WHAT TO WORK ON: In the records that follow, find the line containing "L'ex-urgentiste Nicolas Bonnemaison" and the line containing "Hayattaki farklı seçimler", then transcribe both and every line between them exactly, omitting pictures.

DATA RECORDS:
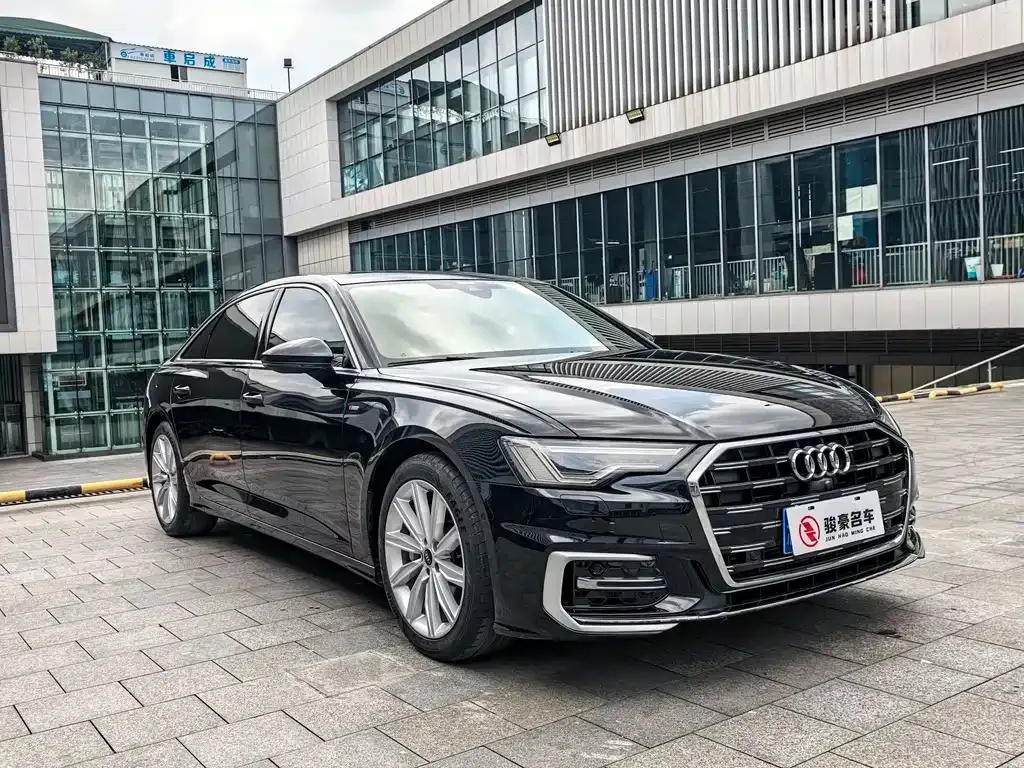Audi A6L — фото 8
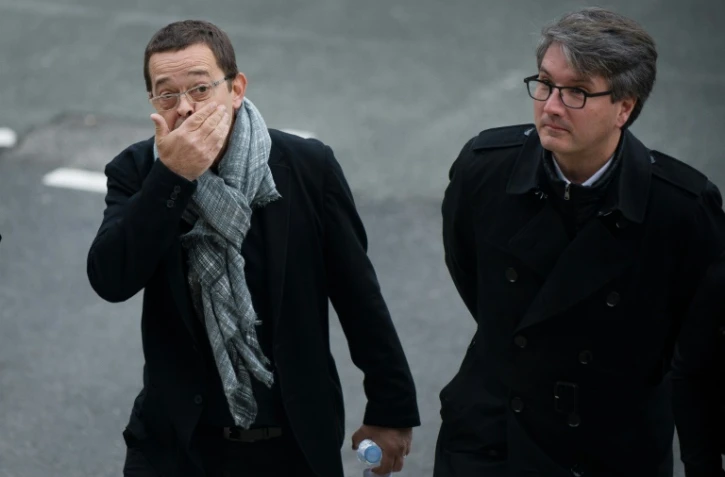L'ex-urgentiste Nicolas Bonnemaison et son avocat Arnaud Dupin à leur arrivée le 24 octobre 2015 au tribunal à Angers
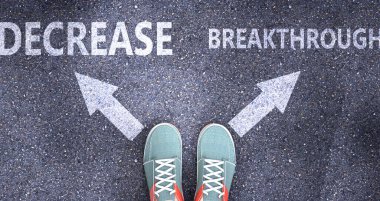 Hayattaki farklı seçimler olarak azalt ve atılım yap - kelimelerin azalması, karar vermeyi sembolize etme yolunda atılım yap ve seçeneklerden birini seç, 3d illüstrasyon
...
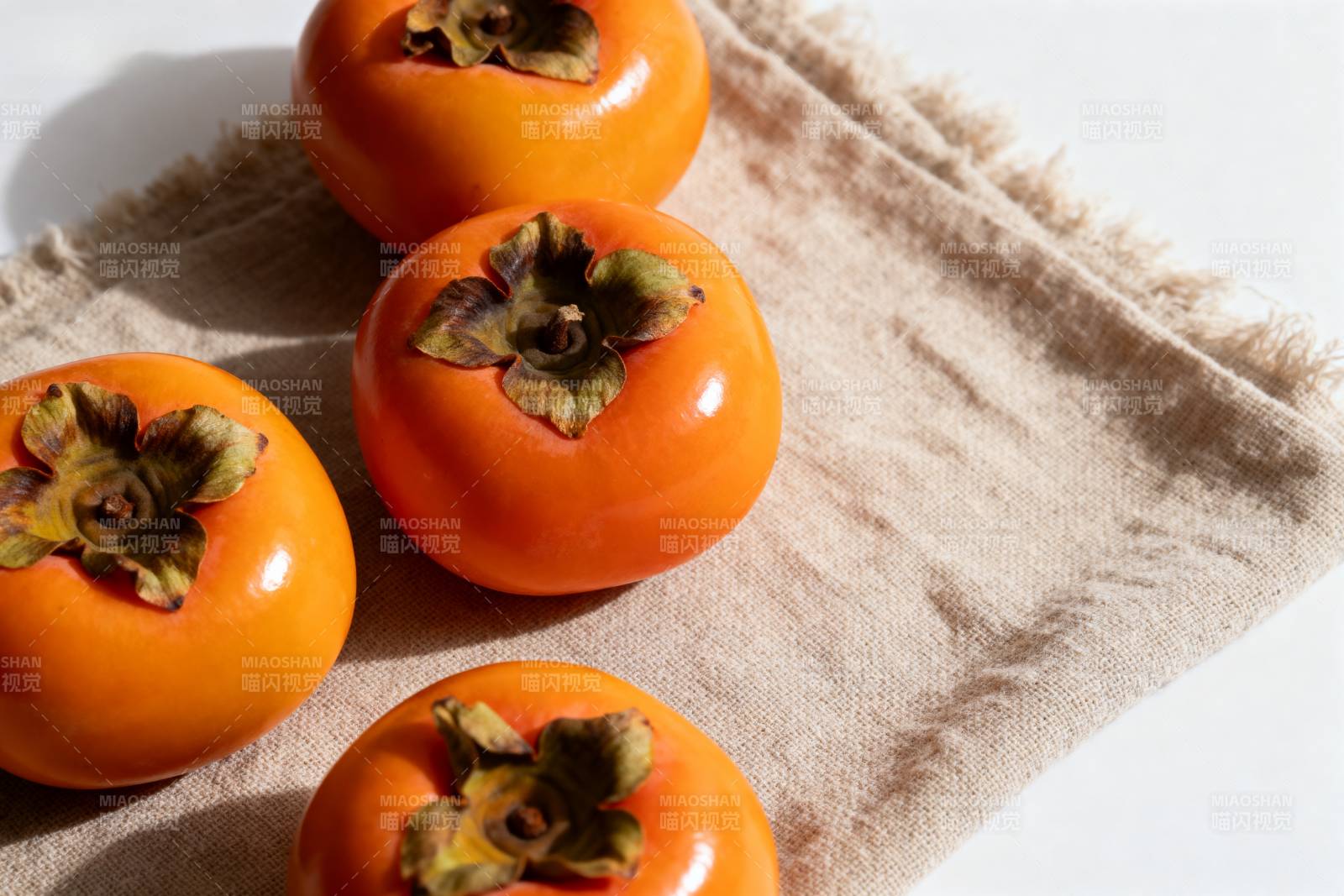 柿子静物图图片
--
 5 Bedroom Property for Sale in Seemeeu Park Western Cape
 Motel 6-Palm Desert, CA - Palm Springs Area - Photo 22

ANSWER SPACE:
L'ex-urgentiste Nicolas Bonnemaison et son avocat Arnaud Dupin à leur arrivée le 24 octobre 2015 au tribunal à Angers
 Hayattaki farklı seçimler olarak azalt ve atılım yap - kelimelerin azalması, karar vermeyi sembolize etme yolunda atılım yap ve seçeneklerden birini seç, 3d illüstrasyon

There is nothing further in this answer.